Saturday, February 28, 2009

Provincial Tories target Valley

Kelowna Daily Courier:

The B.C. Conservative Party aims to field a full slate of candidates in the Okanagan during the May provincial election. “We‘ll probably have a couple dozen candidates around the province, but we should have one in each Valley riding,” party president Wilf Hanni said Friday. He expects most of the candidates will be chosen by acclamation rather than through contested nominations. “It‘s getting late in the game, and we don‘t have enough constituency associations to have nomination processes in each riding,” Hanni said. On Friday, Kelowna resident Mark Thompson, who last month declared his intention to run for the Liberal nomination in Kelowna-Mission, said he was switching to the B.C. Conservatives.
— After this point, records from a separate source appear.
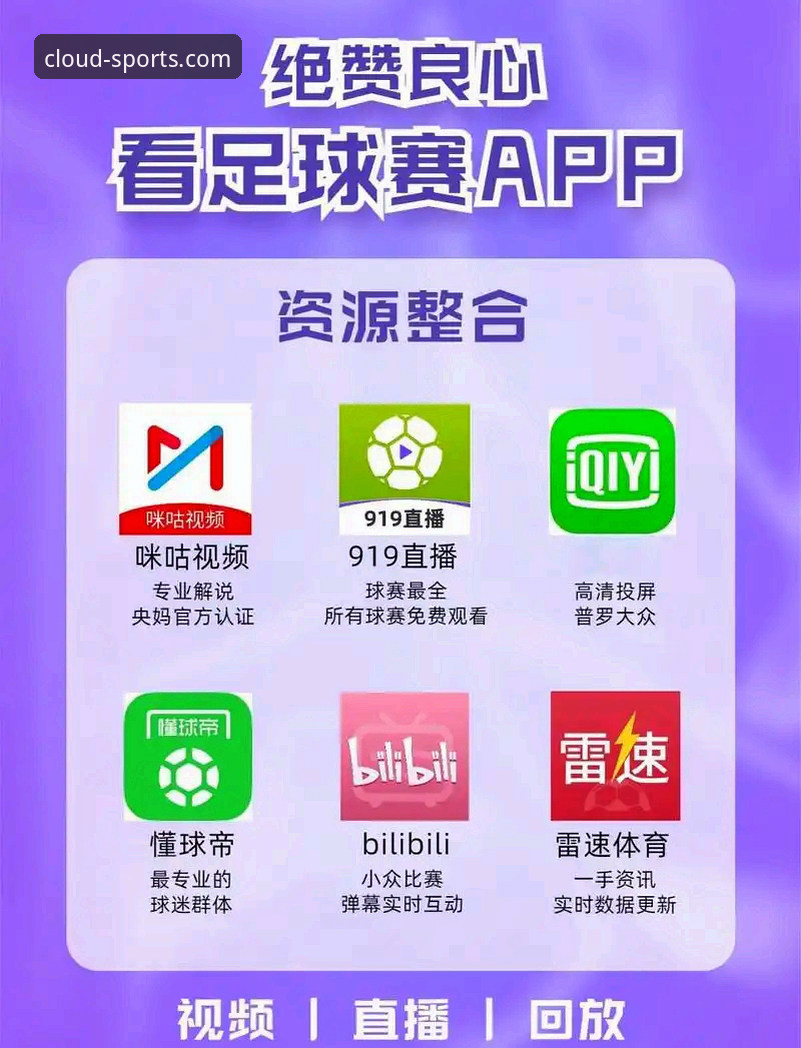 云体育APP功能全面解析：从赛事直播到数据追踪的实战指南
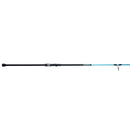 Ugly Stik Carbon Surf 12ft Med/Heavy Fast Action 2pc Rod - USCBSF2040S122-2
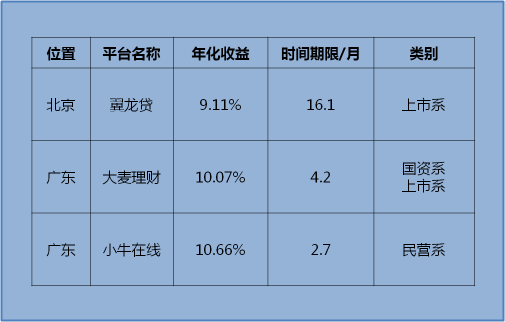 imtoken买卖_imtoken卖币_imtoken最小卖出数量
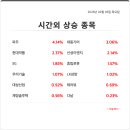 대동약품 이미지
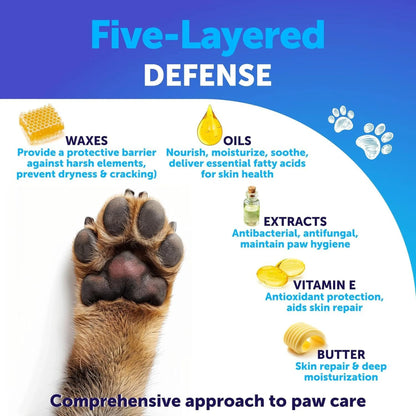 Dog Paw & Nose Balm — Lick-Safe, Triple-Action Formula, All-Season Protection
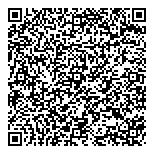QR код "Софья"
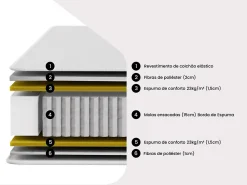 Vente-unique Matelas 140 x 190 cm ressorts ensachés ép.20cm - AMBRACIE de YSMÉE* Matelas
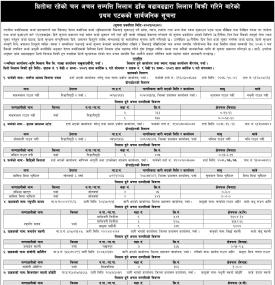धितोमा रहेको चलअचल सम्पत्ति लिलाम डाँक बढाबढद्धारा लिलाम गर्ने बारेको प्रथम पटकको सूचना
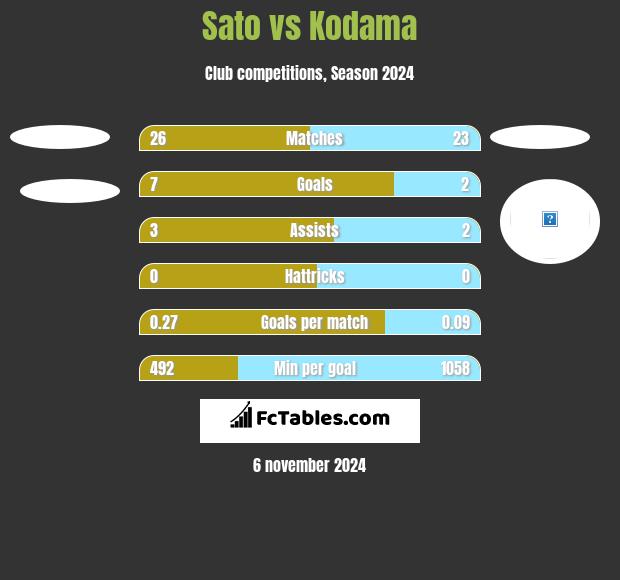 Sato vs Kodama h2h player stats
Among his reasons for changing parties, Thompson cited unhappiness with the Liberals‘ carbon tax and his sense the local Liberal MLAs had done little for the Kelowna area. “The Conservatives offer a real alternative to the Liberals,” Thompson said. “I stand for smaller government, lower taxes, strong families and the importance of the private sector.” The only other B.C. Conservative candidate so far in the Okanagan is Beryl Ludwig, for the Shuswap riding based around Salmon Arm. In the 2005 provincial election, the B.C. Conservatives got one-half of one per cent of all votes cast in the province, electing no members. Overall, the B.C. Conservatives placed behind the B.C. Marijuana Party and just ahead of the Work Less Party.